The Western Watersheds Project (once named the Idaho Watersheds Project) was organized in part to increase the amount bid on these leases by outbidding the good ‘ol boys and then not grazing the land, allowing it to recover from perhaps a hundred years of grazing abuse. So it was a win/win situation — the school kids get more and the land is rested from maltreatment.

In Idaho, the livestock politicians yelled like stuck pigs. Read once again Molly Ivins 1998 column on it. Western Watersheds got a bad name for taking on and exposing those who were abusing the state school lands and shortchanging Idaho’s school children.

Not with me, however, I joined WWP as an Idahoan who wanted better funding of the schools and also one tired of being a second or third class citizen.

Now Western Watersheds is bidding on expiring state school land leases in Wyoming, and can anyone guess how the overprivileged segment of the ranching industry is reacting?
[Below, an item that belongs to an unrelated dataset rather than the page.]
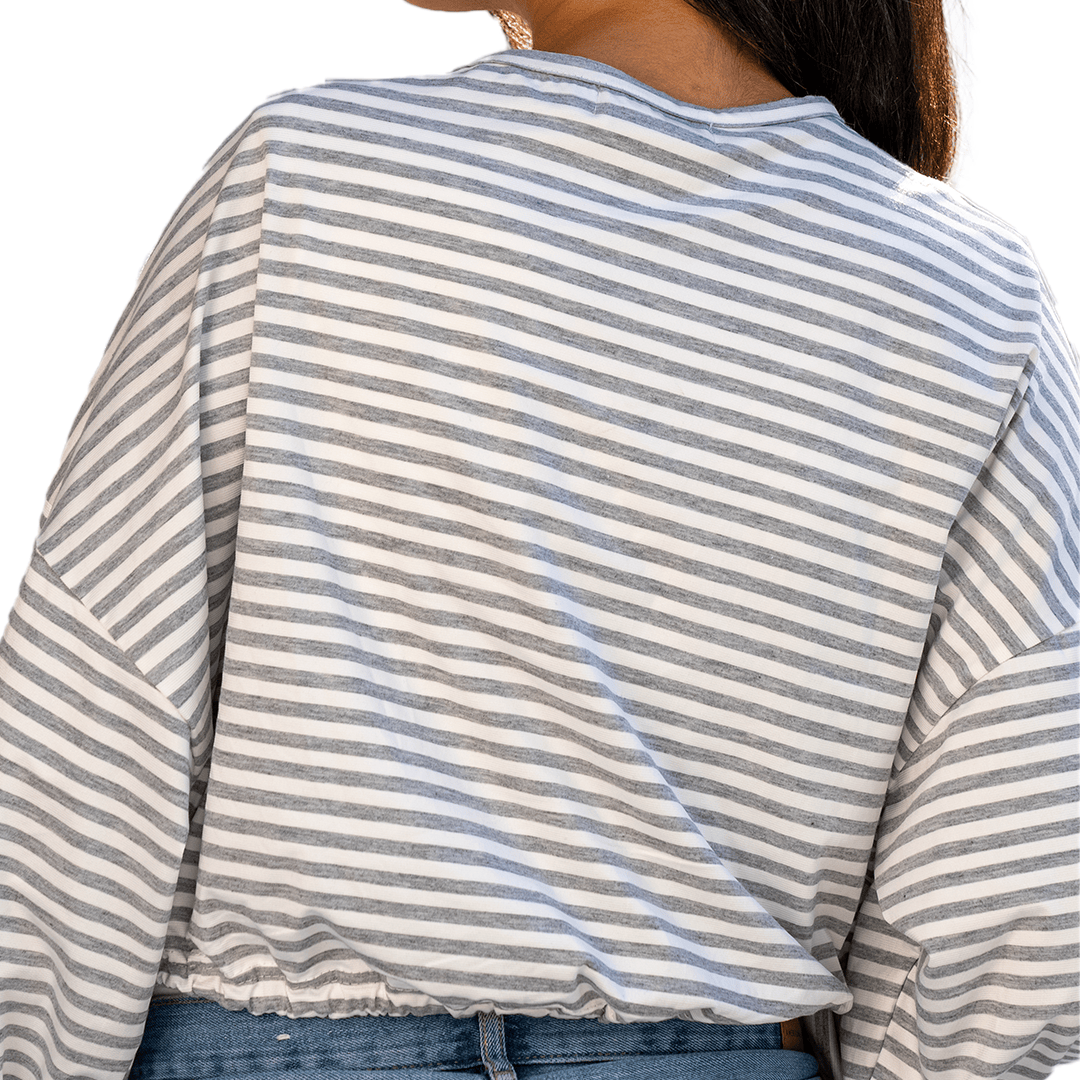 Moonlit Breeze Cropped Sweatshirt (Gray Wide)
11 thoughts on “Conflicting applications for grazing leases roil Wyoming Legislature

  1. There was a successful ballot initiative in Colorado in 1996 which forced the State Land Board to manage 10% of their properties for long-term conservation values. It would be interesting to see if WWP could go down the same path in the Northern Rockies, depending on how easy it is to get something on the ballot. A ballot initiative would allow more people to see what a scam the SLB program really is.

  2. A little more background: it’s two sections per township that Wyoming got at Statehood.
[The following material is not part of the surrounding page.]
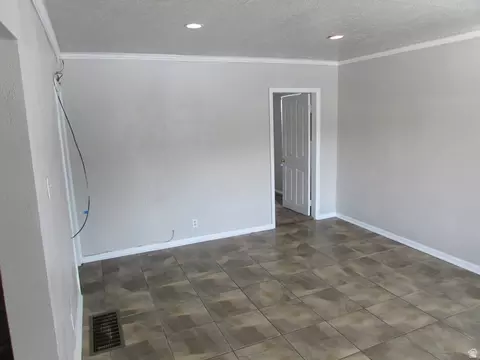 Living - 609 E 100 N, Spanish Fork, UT 84660 photo 1 of 2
    Any attempt to require Wyoming to manage state lands for conservation values would take an act of Congress. When I lobbied at the Legislature for the Sierra Club in 1997, there was a huge state lands bill that would have, among other things, authorized 99 year leases for ranchers. I did quite a bit of research on the issue of state lands, including preferential rights. It’s very sticky in Wyoming. In many other western states, court decisions have supported the requirement to maximize income from state lands for the schools. However, we have a Wyoming Supreme Court decision that has upheld preferential lease rights in this state, finding some discretionary authority with the State Land Board to choose in favor of the current lease holder even when the competing bid is higher.

    In any case, good luck to WWP in challenging this in Wyoming. However, I doubt it will work.

  3. if Wyoming has the decision mentioned then why the necessity for state legislative action as is the case here?

    political grandstanding?

    an attempt to tighten down the discretionary authority?

    or is there a statute that they’re attempting to patch that could be exploited in favor of WWP?

    it will be interesting. WWP’s willingness to pony up significantly larger funds is succeeding in bringing to light the cronyism and the state’s egregious disparity with consideration for the interests involved. Unfortunately for the children of Wyoming, the legislature has chosen that they be left behind.

  4. I would suggest an aggressive media campaign in Wyo. papers across the state pointing out how the state is by passing a significant amount of money just to keep the good ol’ boy network in charge, and rolling in dough.

  5. In nearly a decade and a half of dealing with Wyoming politics, I can say it’s not especially efficient or even sophisticated. Even when a particular law or court decision is sufficient to achieve an oligarchic purpose, the legislature, like chimps, sometimes feels the need to go overboard–grandstanding, as “be” puts it, when sufficiently provoked.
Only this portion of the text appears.